### Your goal
Leave out the pictures and repeat the data exactly.

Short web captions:

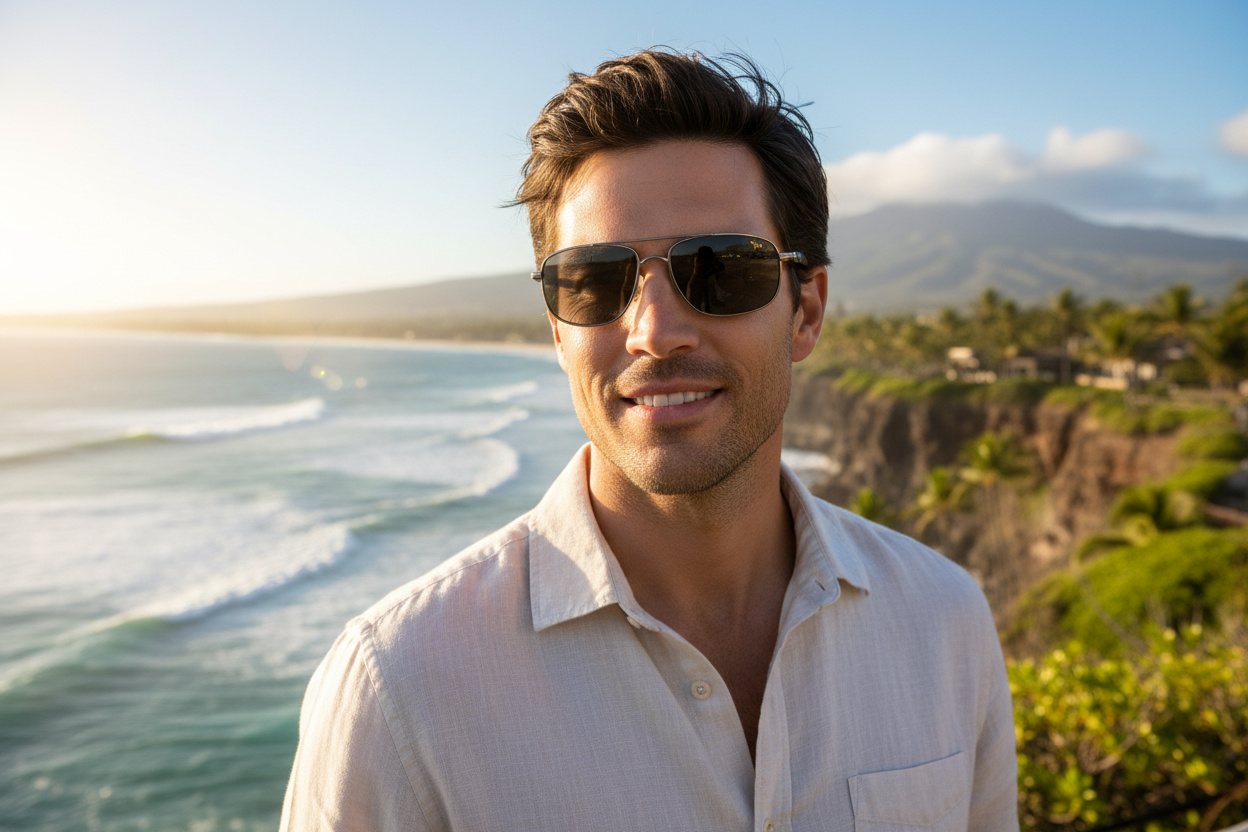 Vorderansicht Maui Jim Kahuna (162-02)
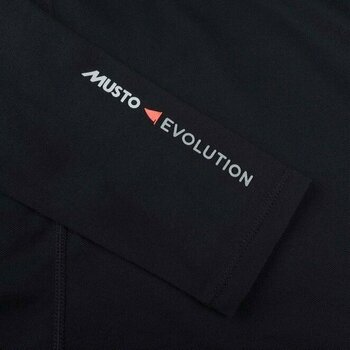 T-Shirt Musto Evolution Sunblock LS Polo T-Shirt Black L - 4
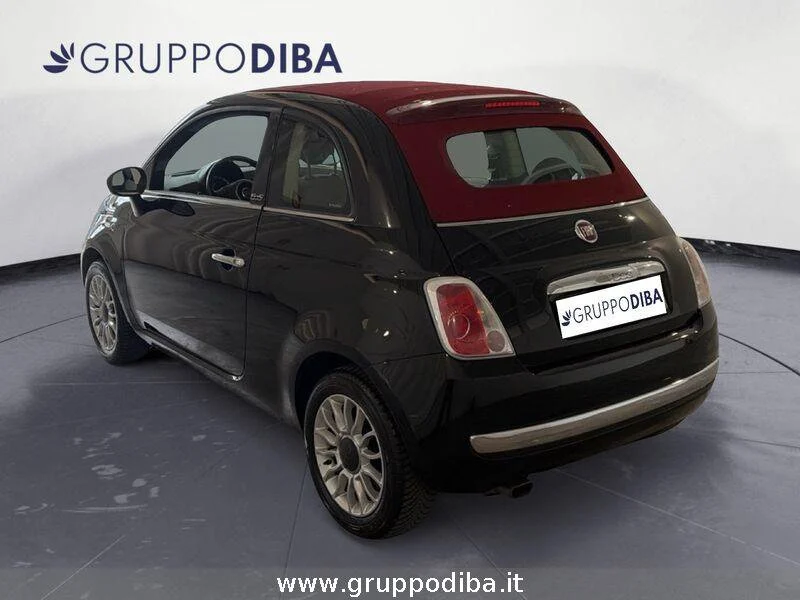 Fiat 500C 500C 1.2 Lounge 69cv- Gruppo Diba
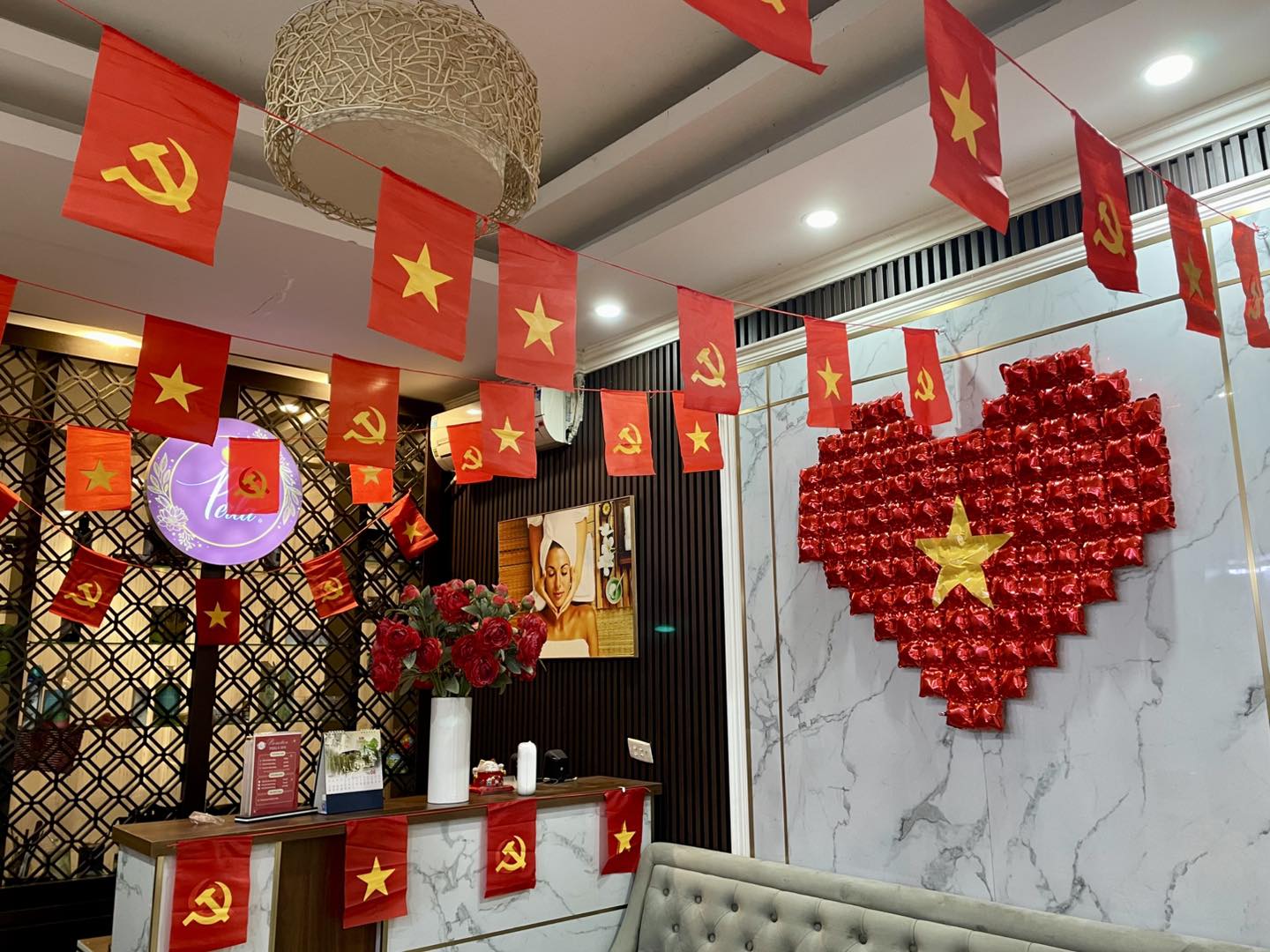 Không gian Perla Spa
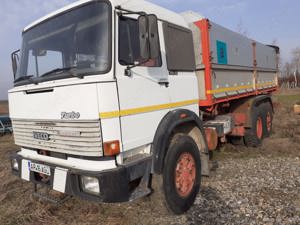 Camion basculabil Iveco 190-38, ideal pentru cereale   acte valabile! - imagine 1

### Answer space
 Vorderansicht Maui Jim Kahuna (162-02)
 T-Shirt Musto Evolution Sunblock LS Polo T-Shirt Black L - 4
 Fiat 500C 500C 1.2 Lounge 69cv- Gruppo Diba
 Không gian Perla Spa
 Camion basculabil Iveco 190-38, ideal pentru cereale   acte valabile! - imagine 1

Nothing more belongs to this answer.